ASSIGNED TASK:
Return, from the data that follows, each line that holds the word "Outdoor".

DATA FOR REVIEW:
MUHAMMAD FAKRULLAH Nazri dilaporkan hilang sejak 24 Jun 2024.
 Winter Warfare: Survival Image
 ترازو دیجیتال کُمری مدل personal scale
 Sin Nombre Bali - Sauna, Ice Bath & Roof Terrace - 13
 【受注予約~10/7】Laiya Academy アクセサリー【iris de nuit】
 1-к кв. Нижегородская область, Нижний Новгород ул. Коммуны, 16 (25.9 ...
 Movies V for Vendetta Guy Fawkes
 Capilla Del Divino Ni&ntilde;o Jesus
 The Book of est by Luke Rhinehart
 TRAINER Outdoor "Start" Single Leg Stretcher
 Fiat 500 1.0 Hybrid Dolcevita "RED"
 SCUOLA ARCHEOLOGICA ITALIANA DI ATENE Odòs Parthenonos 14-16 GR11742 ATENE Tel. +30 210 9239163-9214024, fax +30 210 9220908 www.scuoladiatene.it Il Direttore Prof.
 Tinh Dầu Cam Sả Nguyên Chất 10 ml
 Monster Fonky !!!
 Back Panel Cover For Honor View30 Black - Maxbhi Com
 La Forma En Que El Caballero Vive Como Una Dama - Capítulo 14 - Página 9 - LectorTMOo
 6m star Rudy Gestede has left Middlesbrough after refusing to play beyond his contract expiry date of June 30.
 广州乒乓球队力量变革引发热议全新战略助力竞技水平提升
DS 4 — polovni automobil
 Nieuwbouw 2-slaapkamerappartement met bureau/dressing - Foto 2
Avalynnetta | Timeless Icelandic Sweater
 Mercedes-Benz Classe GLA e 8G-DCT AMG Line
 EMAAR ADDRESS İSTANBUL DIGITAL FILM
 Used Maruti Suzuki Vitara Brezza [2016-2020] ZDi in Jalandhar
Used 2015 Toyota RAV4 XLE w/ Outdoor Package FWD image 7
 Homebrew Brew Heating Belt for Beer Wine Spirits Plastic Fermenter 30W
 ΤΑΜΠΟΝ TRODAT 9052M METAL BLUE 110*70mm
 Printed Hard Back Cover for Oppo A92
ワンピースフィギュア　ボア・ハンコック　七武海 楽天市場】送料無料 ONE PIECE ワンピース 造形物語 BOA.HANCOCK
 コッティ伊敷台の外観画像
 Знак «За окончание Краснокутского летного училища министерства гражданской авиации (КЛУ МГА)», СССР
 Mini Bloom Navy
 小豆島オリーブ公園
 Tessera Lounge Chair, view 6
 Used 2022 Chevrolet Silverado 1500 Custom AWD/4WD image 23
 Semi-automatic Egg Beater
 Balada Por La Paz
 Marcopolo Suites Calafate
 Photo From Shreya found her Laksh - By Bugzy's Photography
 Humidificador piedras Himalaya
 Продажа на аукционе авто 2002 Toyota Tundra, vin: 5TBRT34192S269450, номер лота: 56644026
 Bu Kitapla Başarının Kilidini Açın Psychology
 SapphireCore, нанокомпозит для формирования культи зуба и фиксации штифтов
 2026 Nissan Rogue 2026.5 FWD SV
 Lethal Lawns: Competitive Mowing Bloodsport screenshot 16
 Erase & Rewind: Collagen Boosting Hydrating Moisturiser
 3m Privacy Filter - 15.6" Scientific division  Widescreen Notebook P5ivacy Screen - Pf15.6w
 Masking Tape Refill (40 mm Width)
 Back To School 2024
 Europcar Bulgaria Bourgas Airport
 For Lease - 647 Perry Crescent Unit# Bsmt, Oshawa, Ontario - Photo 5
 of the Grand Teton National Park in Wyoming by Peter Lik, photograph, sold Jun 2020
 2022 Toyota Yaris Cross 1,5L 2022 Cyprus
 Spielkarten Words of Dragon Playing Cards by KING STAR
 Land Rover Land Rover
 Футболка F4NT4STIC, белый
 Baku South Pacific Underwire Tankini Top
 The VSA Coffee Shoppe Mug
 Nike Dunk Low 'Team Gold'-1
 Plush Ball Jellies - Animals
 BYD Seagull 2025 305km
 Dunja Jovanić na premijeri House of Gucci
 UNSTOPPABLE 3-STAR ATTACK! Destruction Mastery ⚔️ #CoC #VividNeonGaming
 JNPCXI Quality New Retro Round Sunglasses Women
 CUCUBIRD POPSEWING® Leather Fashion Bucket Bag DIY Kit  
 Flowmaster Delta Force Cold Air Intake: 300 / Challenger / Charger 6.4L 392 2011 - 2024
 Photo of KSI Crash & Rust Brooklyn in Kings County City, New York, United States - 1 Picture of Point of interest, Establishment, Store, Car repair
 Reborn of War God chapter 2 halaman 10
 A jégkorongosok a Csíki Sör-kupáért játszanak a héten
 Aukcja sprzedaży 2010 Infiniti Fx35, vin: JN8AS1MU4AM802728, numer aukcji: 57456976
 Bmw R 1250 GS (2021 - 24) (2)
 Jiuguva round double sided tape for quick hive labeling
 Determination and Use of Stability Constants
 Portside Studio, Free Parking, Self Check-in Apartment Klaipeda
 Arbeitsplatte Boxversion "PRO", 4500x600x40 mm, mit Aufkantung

SOLUTION TO THIS TASK:
 TRAINER Outdoor "Start" Single Leg Stretcher
Used 2015 Toyota RAV4 XLE w/ Outdoor Package FWD image 7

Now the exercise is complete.